Output only the lines of the entries that follow, starting at the one with "Fabletics Charcoal Women's Scrub Set" and running down to the one with "Snapshot of sexy_sadiee", both included and unchanged.

:: WORKING DATA ::
☆ ☆ ☆ ☆ ☆ ☆ ☆

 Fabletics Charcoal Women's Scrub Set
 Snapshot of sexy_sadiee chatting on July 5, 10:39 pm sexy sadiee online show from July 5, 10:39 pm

☆ ☆ ☆ ☆ ☆ ☆ ☆

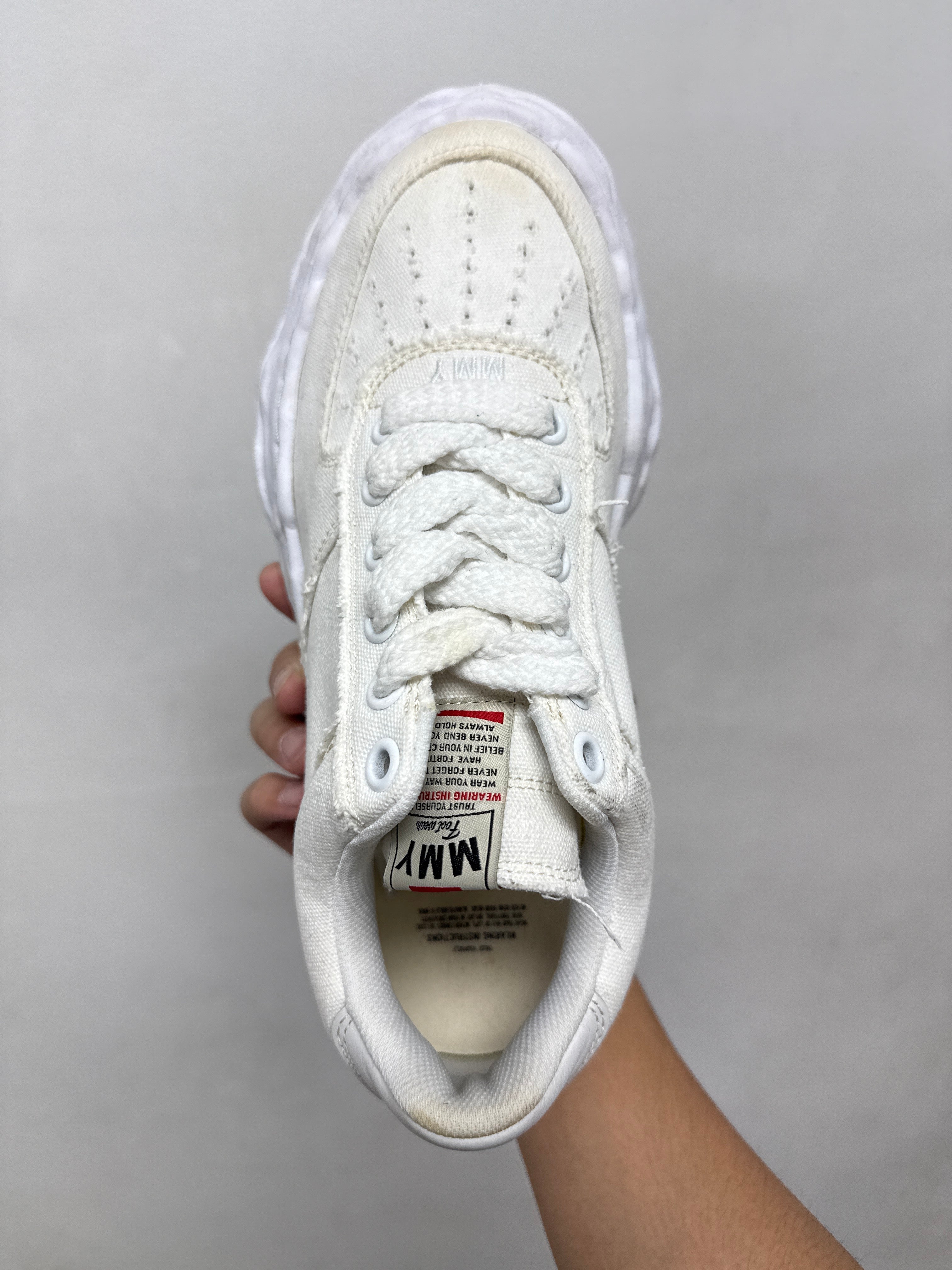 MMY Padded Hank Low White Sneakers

☆ ☆ ☆ ☆ ☆ ☆ ☆

:: REPLY TO THE EXERCISE ::
 Fabletics Charcoal Women's Scrub Set
 Snapshot of sexy_sadiee chatting on July 5, 10:39 pm sexy sadiee online show from July 5, 10:39 pm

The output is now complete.